Gonzalo Heredia tiene 15 años y está paralizado frente a la puerta de la biblioteca pública de Olivos. No se anima a entrar. Un rato antes, cuando se subió al 333 a unos metros de su casa, en Munro, estaba entusiasmado. Mejor dicho, ansioso. Se había imaginado tantas cosas. Ahora, en cambio, siente vergüenza porque no sabe cómo hacer para sacar un libro, qué documentos le irán a pedir, ni siquiera qué quiere leer. Todos se van a dar cuenta de que es su primera vez. De que no pertenece a ese mundo. Finalmente se mueve, pero para subirse de nuevo al colectivo, de regreso a otro mundo al que sí está obligado a entrar, aunque preferiría no hacerlo: el taller mecánico de su padre.

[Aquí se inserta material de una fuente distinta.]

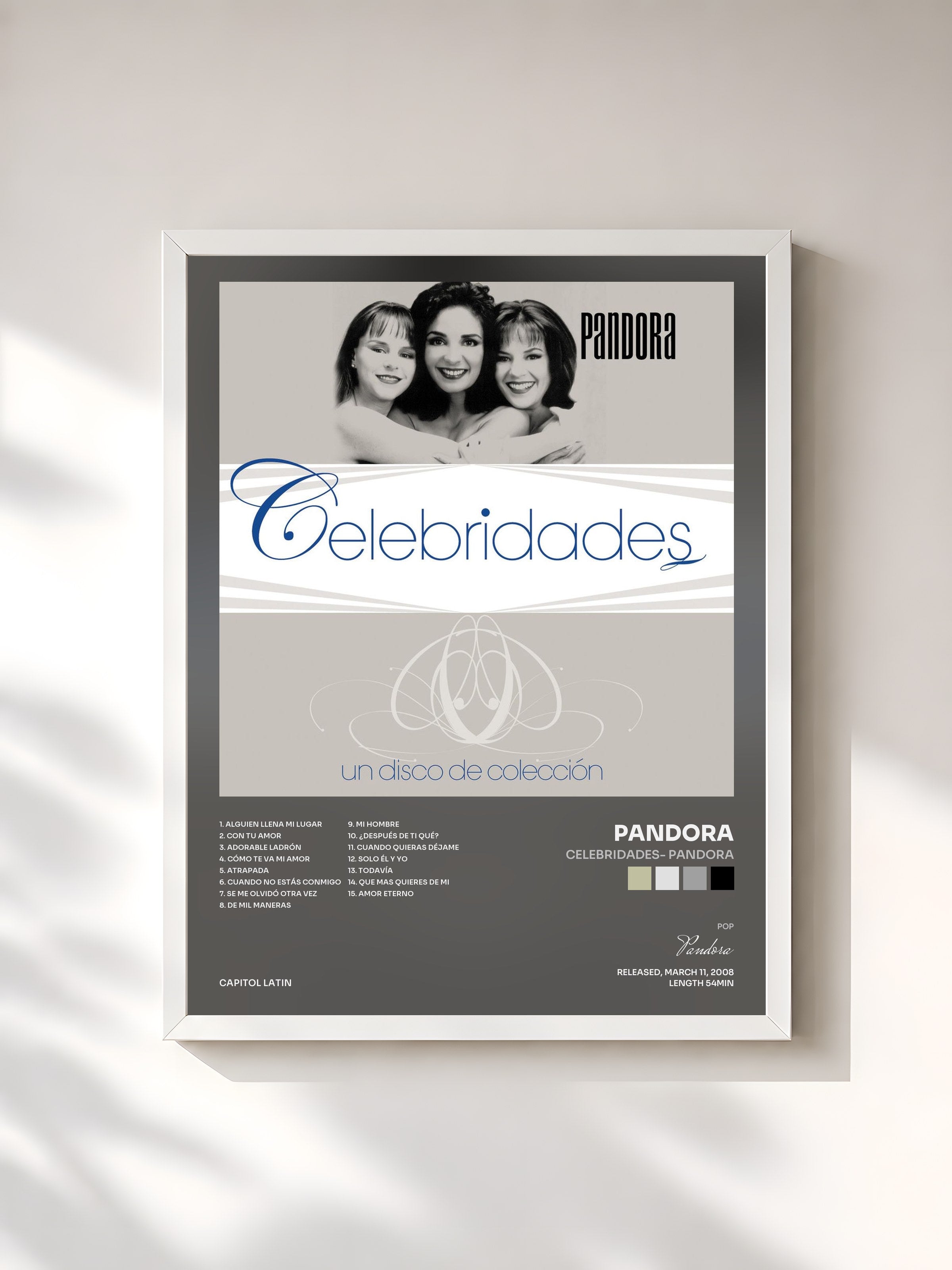 #blanc Tableau de l'album Celebridades- Pandora de Pandora, cadre blanc, imprimé et encadré en France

–A mí me hubiera gustado que en ese momento alguien me hubiera hablado de libros, que hubiera compartido su experiencia de lectura conmigo, para sentirme menos solo. Quizá por eso ahora yo estoy acá, hablando de esto.

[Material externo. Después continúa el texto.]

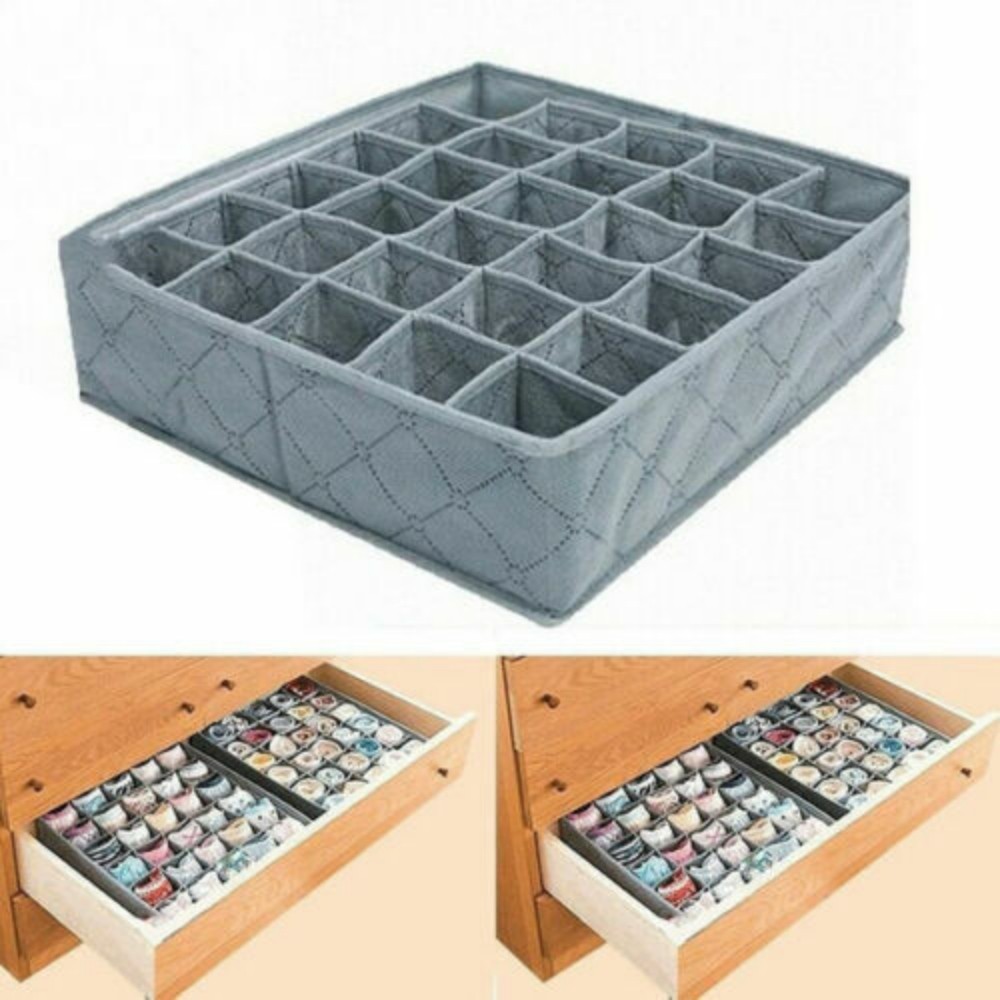 30 Cell Foldable Drawer Organizer for Underwear, Socks & Bras Storage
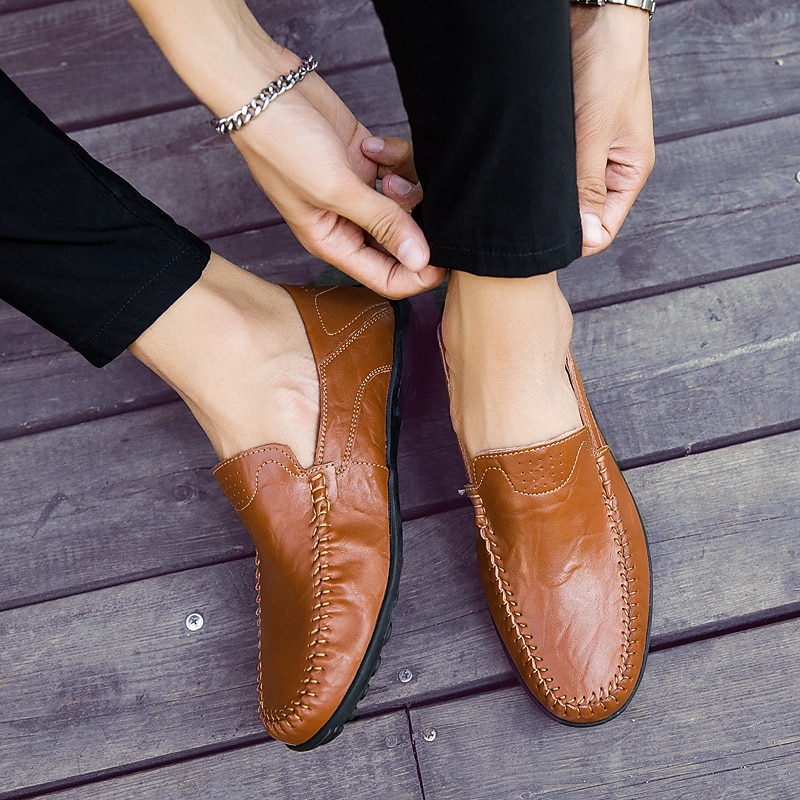Per uomo Mocassini e Slip-Ons Uncinetto Scarpe di pelle Mocassini comodi Taglie forti Footing Lavoro Classico Informale Esterno Giornaliero Pelle di nappa Pelle Traspirante Fatto a mano Antiscivolo del 2025 a $49.99 -P14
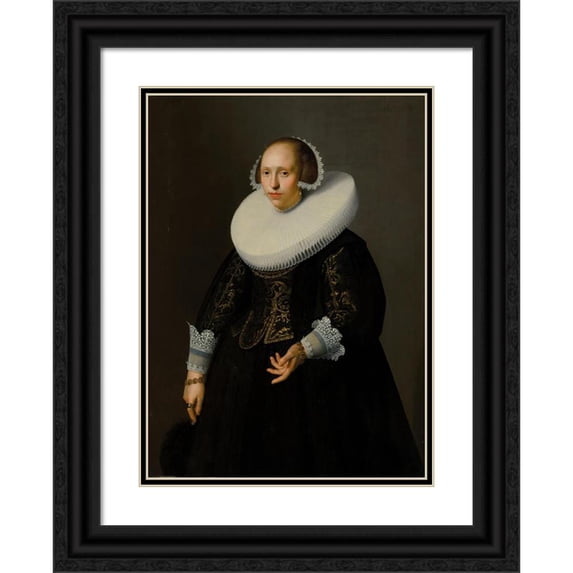 Nicolaes Eliasz. Pickenoy 18x24 Black Ornate Framed Double Matted Museum Art Print Titled: Portrait of a Lady (1636)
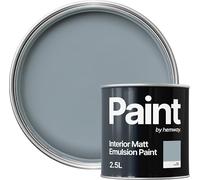 Hemway Dark Skies Blue Paint 2.5 L, Indoor Matt Finish, One Coat, Wall Paint, Acrylic & Water-Based Emulsion, Quick Dry & High Coverage for the Kitchen, Bathroom & Bedroom Walls & Ceiling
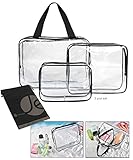 JAVOedge (4 PCS SET) PVC Clear Makeup Cosmetic Bag, Toiletry and Storage Bag for Travel Accessories Set with Handles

Cuando dice "acá" se refiere a La Giralda, uno de los pocos bares que aún le hace culto a la mitificada bohemia porteña. Y cuando remarca la palabra "esto", quiere decir la literatura en general, pero también su perfil como agitador de la lectura –a través de su Twitter, del Instagram La gente anda leyendo, de su participación en la radio–, y especialmente de su primera novela. Se titula Construcción de la mentira, la editó el sello independiente Alto Pogo, y está protagonizada por un galán de telenovelas llamado Gonzalo Heredia (igual, pero tachado) que en un monólogo mental disecciona su vida –su alienación familiar, su relación neurótica con la fama, sus inseguridades actorales, su cuerpo que se asoma al abismo de la madurez– en un juego zigzagueante entre lo real y lo ficticio, lo autobiográfico y lo imaginario.
Casualmente, cuando esta charla termine, el Gonzalo Heredia que escribe va a caminar una cuadra por la avenida Corrientes hasta el camarín de la obra Perfectos desconocidos, la comedia del momento, para convertirse en el Gonzalo Heredia que actúa. En el trayecto, seguramente alguien le grite geniooooo con el pulgar para arriba, le diga el otro día te vi en la tele, le pida una selfie para su hija, o lo mire de reojo tratando de confirmar si él es él. O no.
La construcción del lector
–Yo soy la prueba de que el personaje público se recicla. Antes era el pibe que salió del taller mecánico y se convirtió en galán de tele. Ahora soy el galán de tele que se convirtió en lector y escritor (risas).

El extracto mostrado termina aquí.